# WHAT TO WORK ON
Transcribe exactly the lines below that begin at the line with "Horse Head Horseshoe" and stop after the line with "Chanel Vanity Bag Deauville Navy — view 8", leaving out every picture.

# THE RECORDS

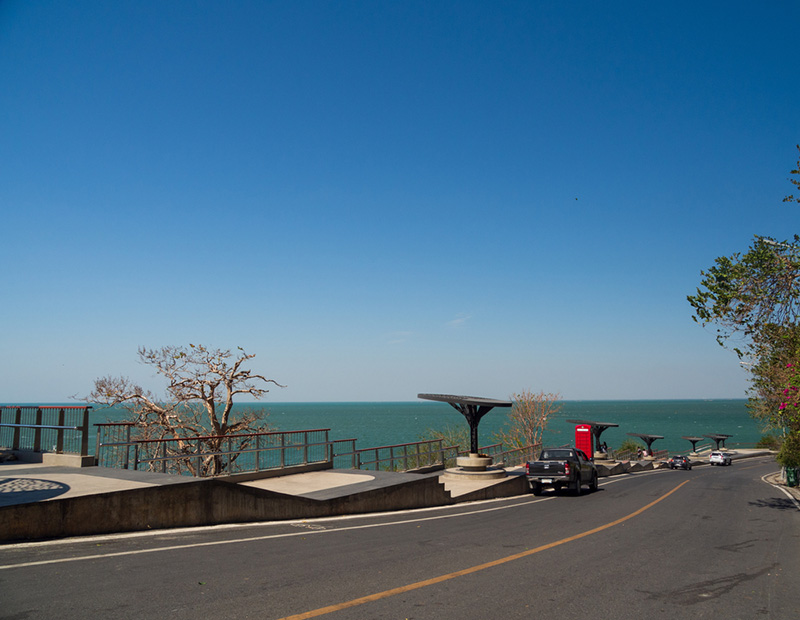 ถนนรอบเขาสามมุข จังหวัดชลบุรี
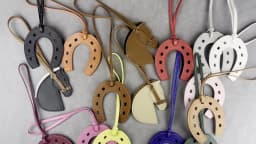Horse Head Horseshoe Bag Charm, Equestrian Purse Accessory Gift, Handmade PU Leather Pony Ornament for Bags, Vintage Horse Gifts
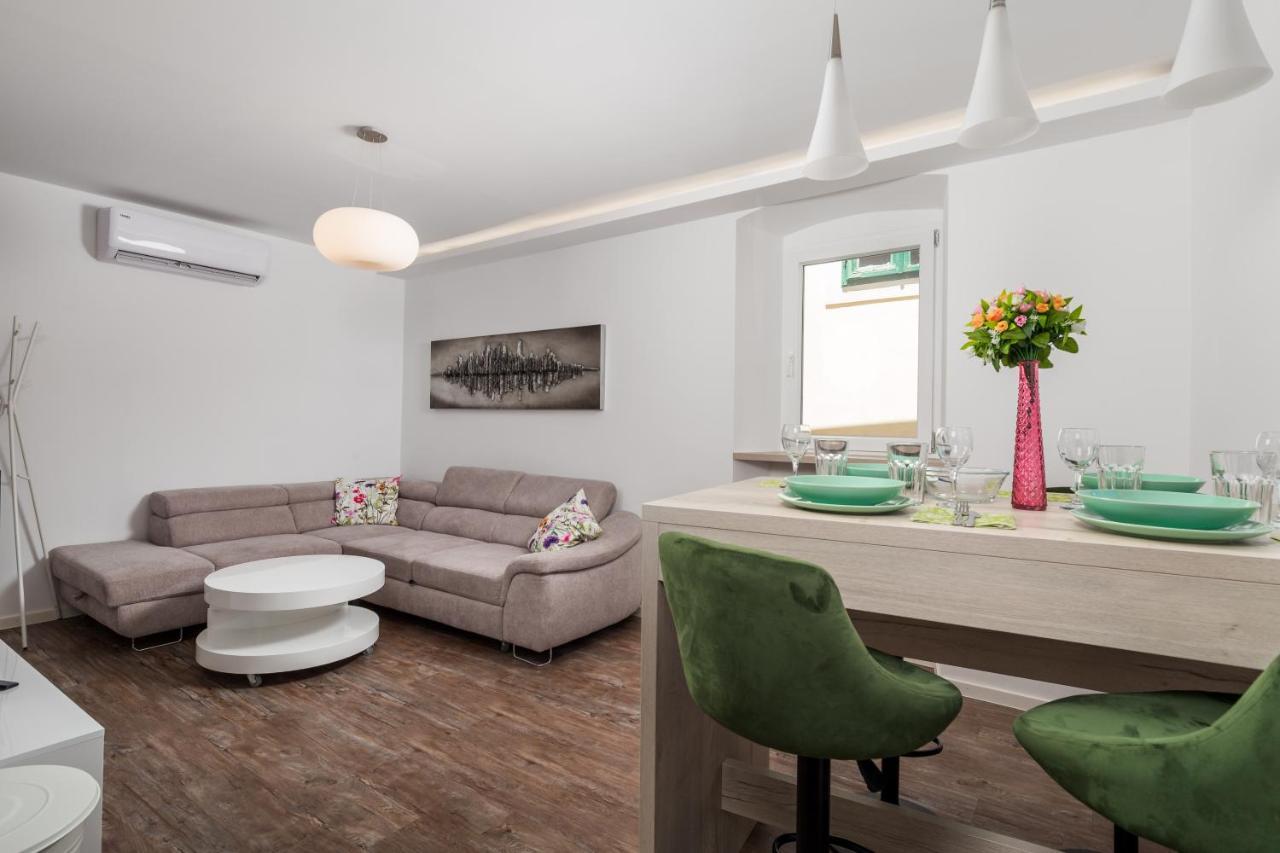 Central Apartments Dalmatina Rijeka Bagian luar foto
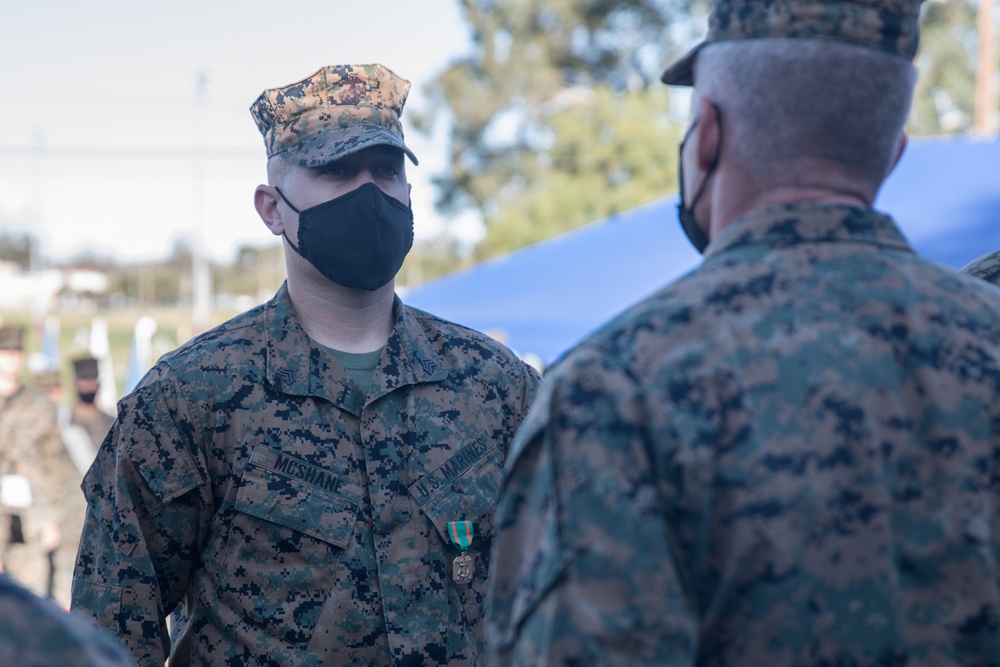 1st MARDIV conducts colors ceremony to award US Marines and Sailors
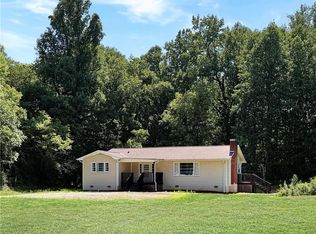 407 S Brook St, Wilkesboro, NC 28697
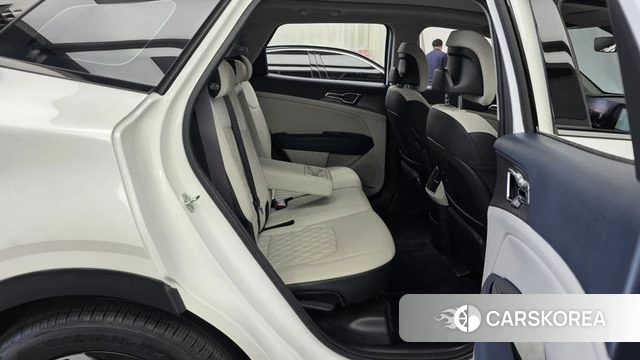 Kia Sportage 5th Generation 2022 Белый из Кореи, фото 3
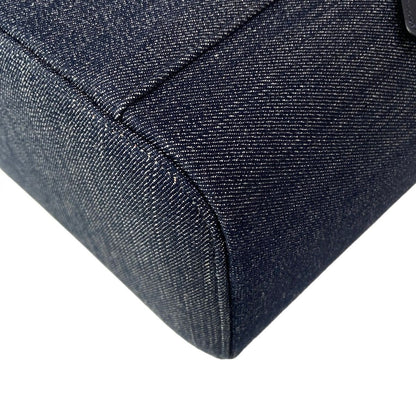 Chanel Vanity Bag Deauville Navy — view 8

--

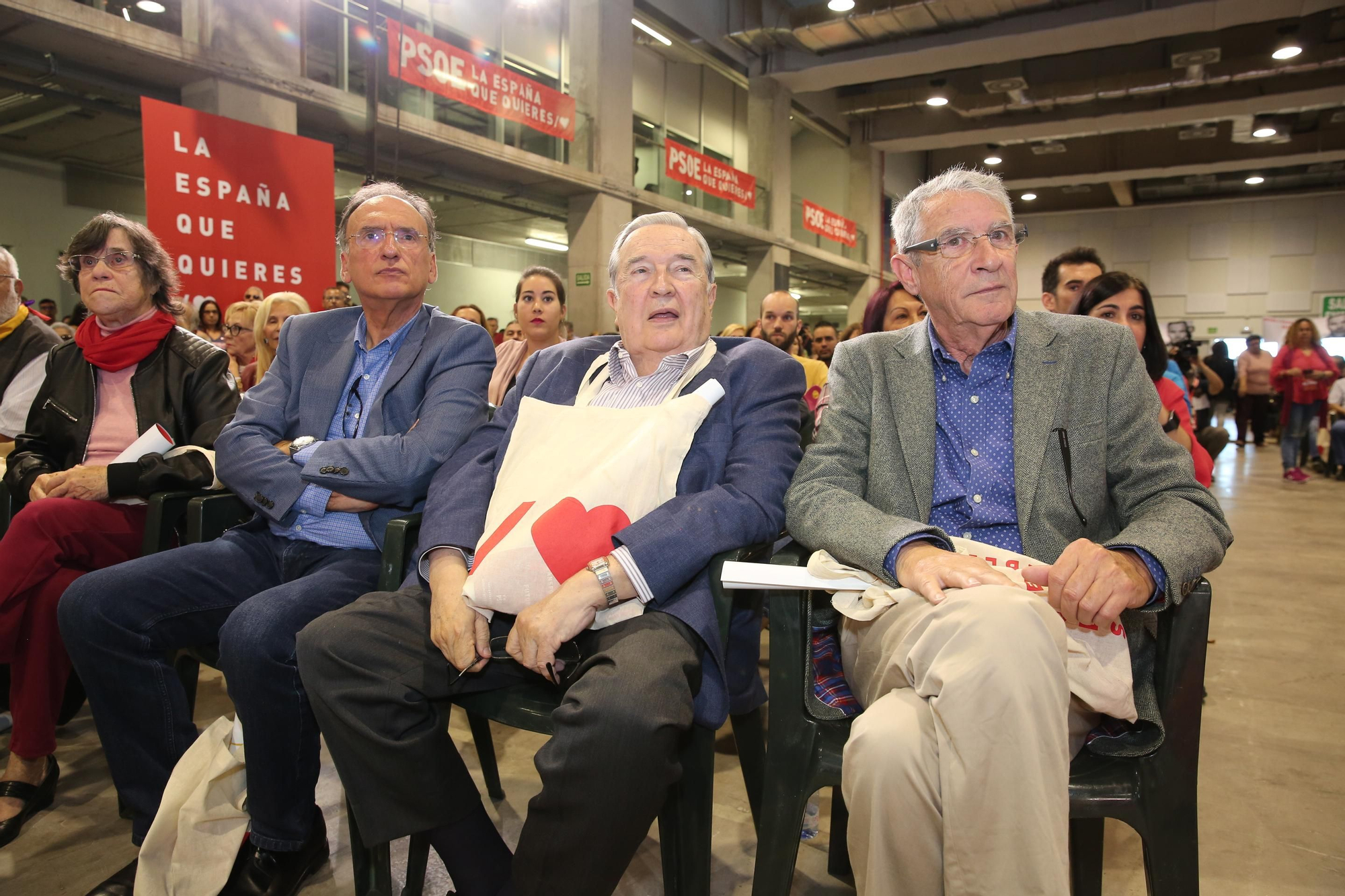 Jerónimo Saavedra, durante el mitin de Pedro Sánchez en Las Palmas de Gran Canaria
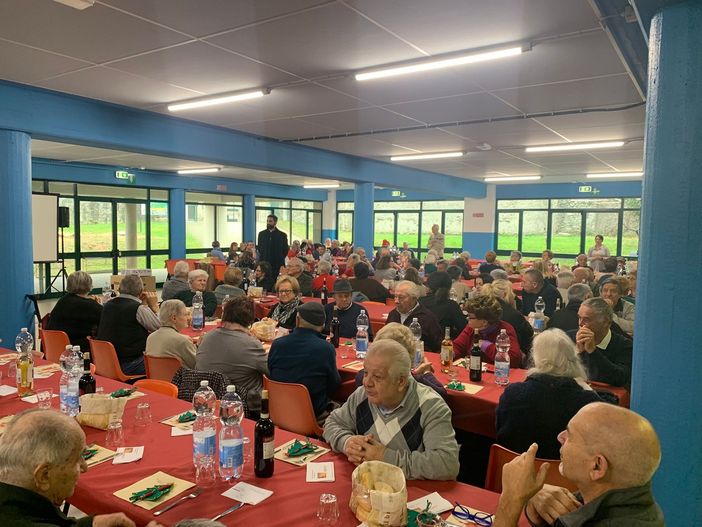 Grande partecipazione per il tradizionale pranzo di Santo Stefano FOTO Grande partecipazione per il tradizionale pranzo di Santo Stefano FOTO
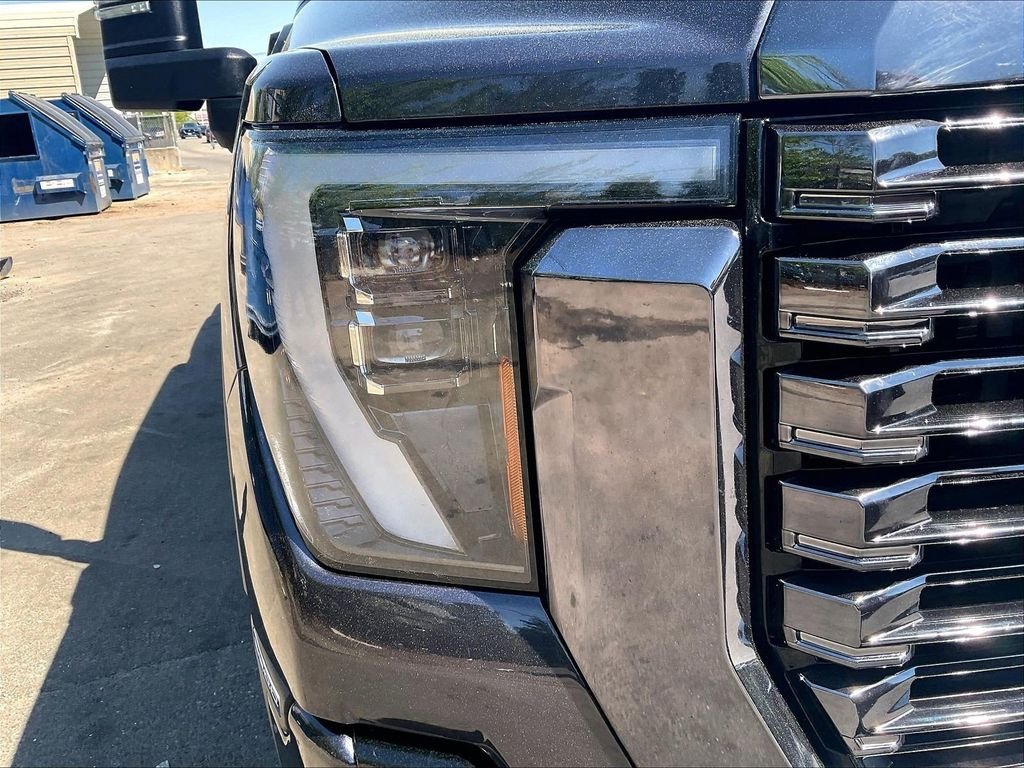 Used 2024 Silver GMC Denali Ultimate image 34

# RESULT OF THE TASK
Horse Head Horseshoe Bag Charm, Equestrian Purse Accessory Gift, Handmade PU Leather Pony Ornament for Bags, Vintage Horse Gifts
 Central Apartments Dalmatina Rijeka Bagian luar foto
 1st MARDIV conducts colors ceremony to award US Marines and Sailors
 407 S Brook St, Wilkesboro, NC 28697
 Kia Sportage 5th Generation 2022 Белый из Кореи, фото 3
 Chanel Vanity Bag Deauville Navy — view 8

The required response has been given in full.